-- Data for review follows --

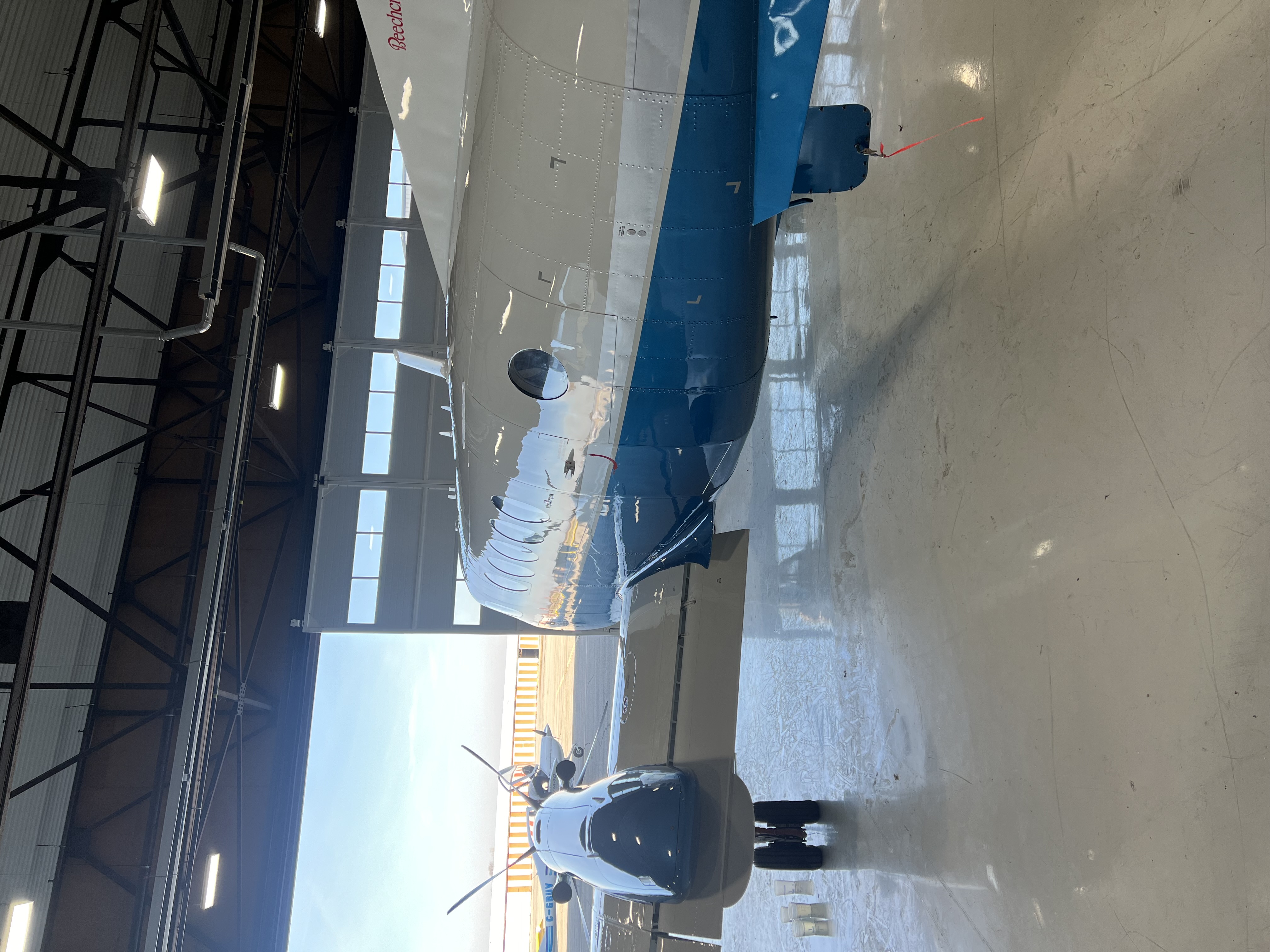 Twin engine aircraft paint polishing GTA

-- Data for review concluded --
-- Data for review follows --

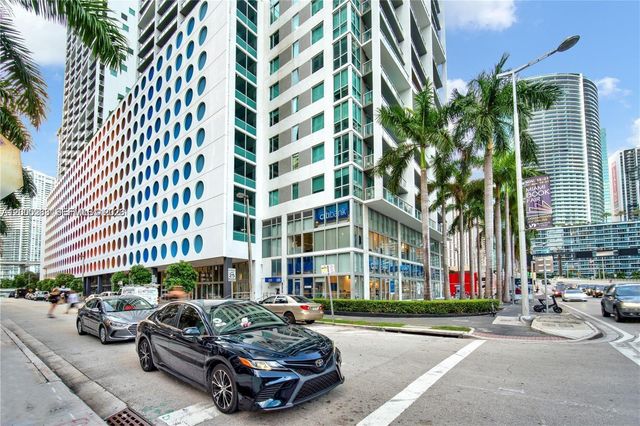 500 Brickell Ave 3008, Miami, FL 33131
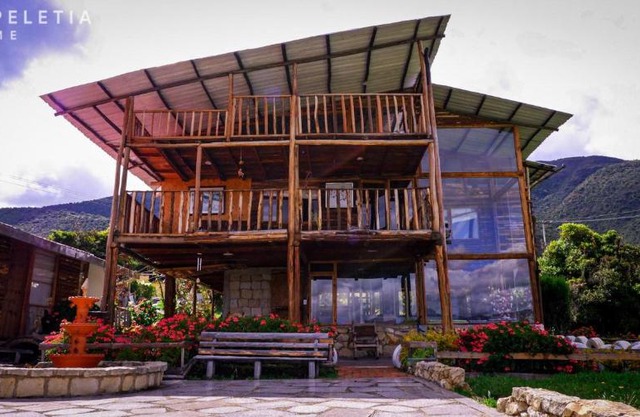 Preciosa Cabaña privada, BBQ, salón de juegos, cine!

-- Data for review concluded --

Prompt
Copy out the lines above from the line containing "500 Brickell Ave 3008, Miami, FL 33131" through the line containing "Preciosa Cabaña privada, BBQ, salón", exactly, and keep the pictures out.

Answer box
 500 Brickell Ave 3008, Miami, FL 33131
 Preciosa Cabaña privada, BBQ, salón de juegos, cine!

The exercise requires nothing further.